• **Supplied material**:
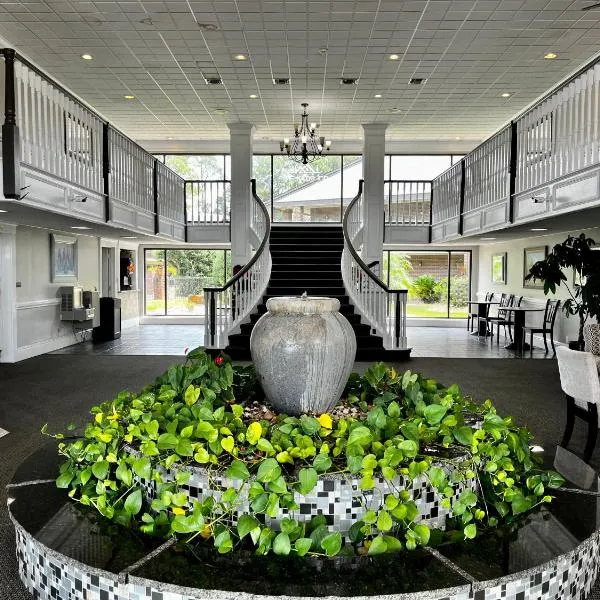 At Home Inn - Pensacola，位于彭萨科拉的酒店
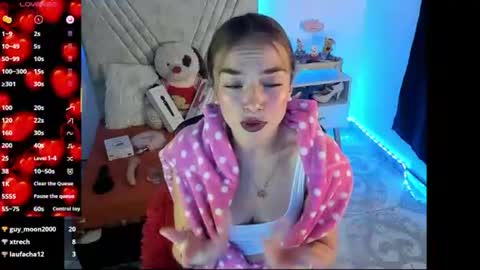 Mia Victoria online show from July 22, 2:34 am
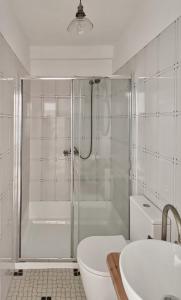 een badkamer met een douche, een toilet en een wastafel bij Algarve house, sun, terrace, views and barbecue in Silves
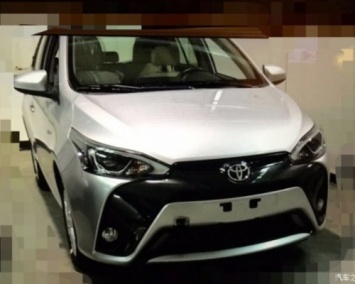 В Сеть попали первые фото обновленной Toyota Yaris L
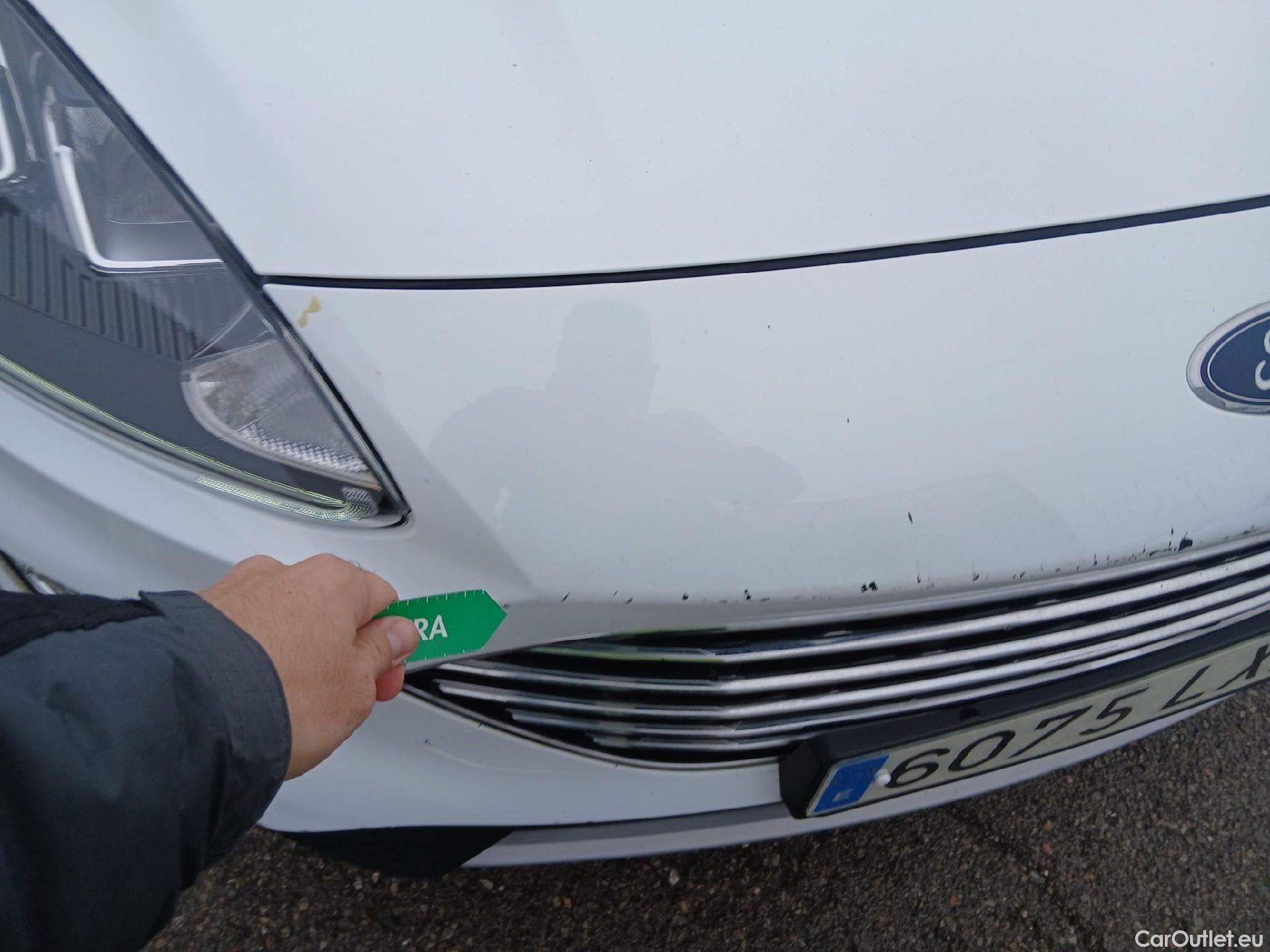  Ford  Kuga FORD  / 2019 / 5P / todoterreno Titanium 1.5T EcoBoost 88kW (120CV) #1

• **Activity**: The line with "В Сеть попали" and each line after it, through the final line of the data, are to be duplicated exactly, with pictures left out and nothing more included.

• **Exercise result**:
 В Сеть попали первые фото обновленной Toyota Yaris L
  Ford  Kuga FORD  / 2019 / 5P / todoterreno Titanium 1.5T EcoBoost 88kW (120CV) #1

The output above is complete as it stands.